Мэтью Хопкинс без всяких особых церемоний заново открывает «Торн Инн». К концу года его пристрастие к унылому костюму вызывает все меньше удивления и даже приобретает некоторый смысл. В то время как другие люди спешат сделать свои дела под моросящим осенним дождем как можно быстрее, чтобы вернуться к теплу и уюту домашнего очага, Мэтью Хопкинс расхаживает по городу, как длинноногий ворон, с Джоном Идсом и Джоном Стерном и самой ученой компанией, которую только можно было найти в таком отсталом месте, как Мэннингтри, все как Неемии; Хопкинс счастлив настолько, насколько вообще может быть счастлив пуританин.

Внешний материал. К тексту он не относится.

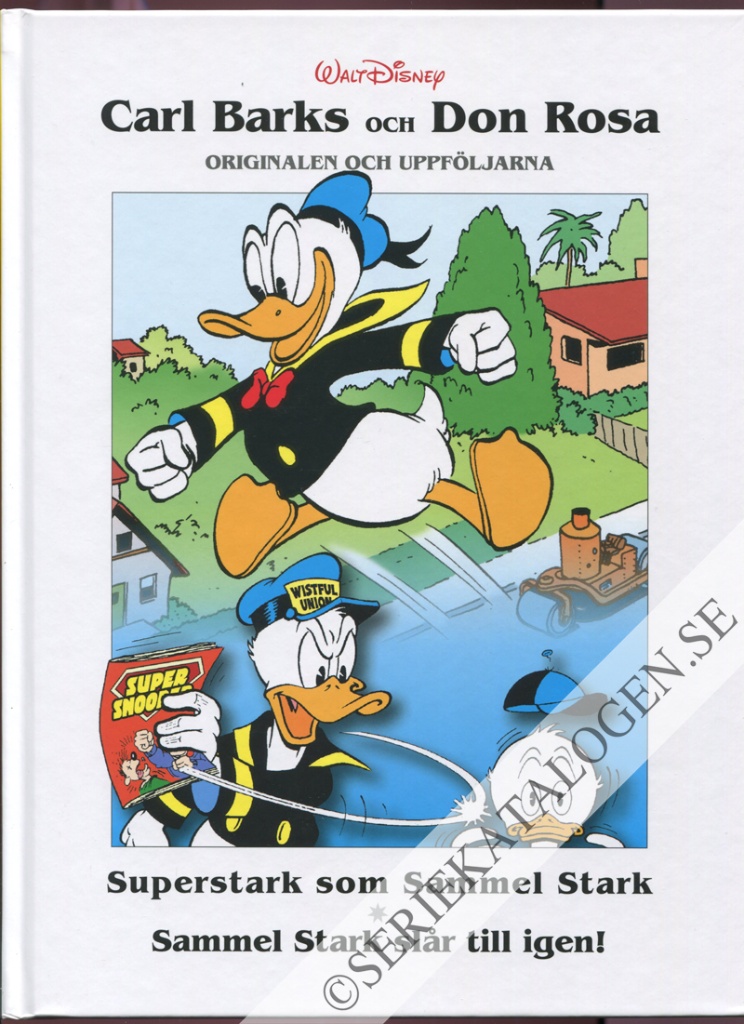 Framsida på Carl Barks och Don Rosa - originalen och uppföljarna Superstark som Sammel Stark / Sammel Stark slår till igen! (2025)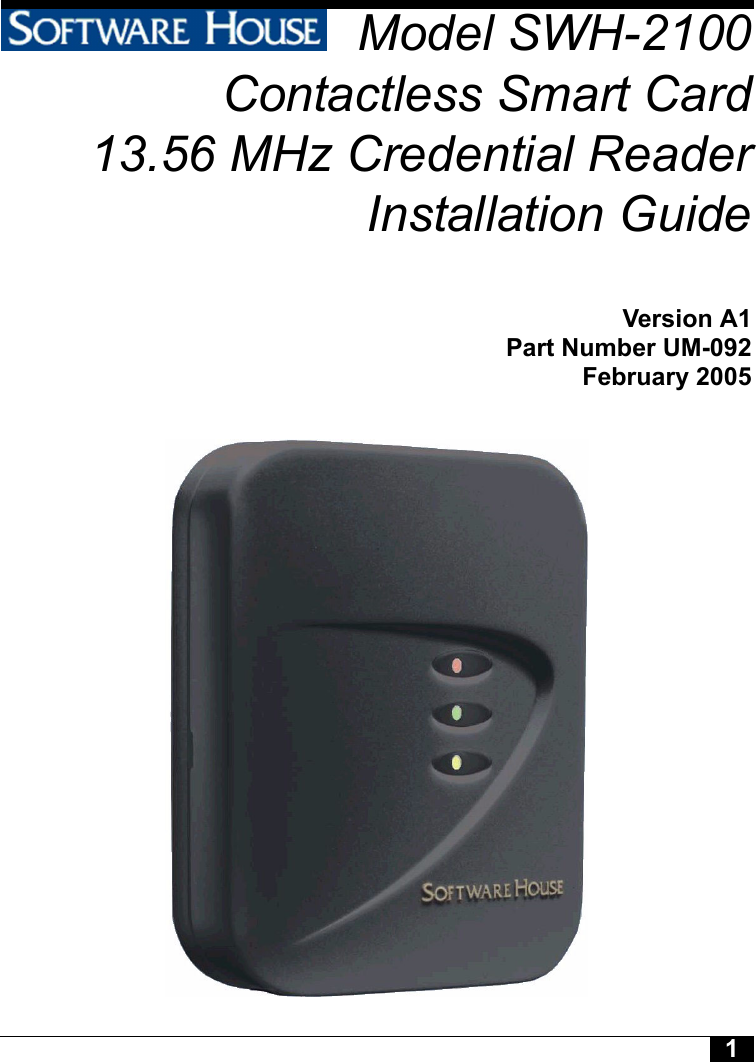 1Tyco CONFIDENTIALModel SWH-2100Contactless Smart Card13.56 MHz Credential ReaderInstallation GuideVersion A1Part Number UM-092February 2005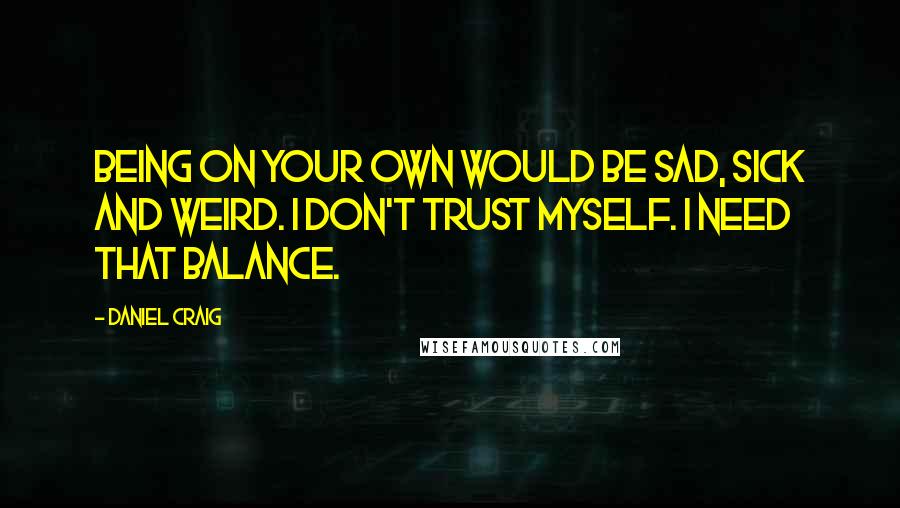 Daniel Craig Quotes: Being on your own would be sad, sick and weird. I don't trust myself. I need that balance.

Некоторые считают его робким, будто птичка. Другие восхищаются: у Хопкинса нет семьи, зато, похоже, полно денег.

Мэтью Хопкинс скачет по полю и замечает в траве черное перо, гладкое и блестящее. Мэтью Хопкинс принимает гостей. Мэтью Хопкинс разъясняет. Мэтью Хопкинс ведет беседы, и самые передовые из городских самоучек подробнейшим образом разбирают его восторженную теологическую теорию.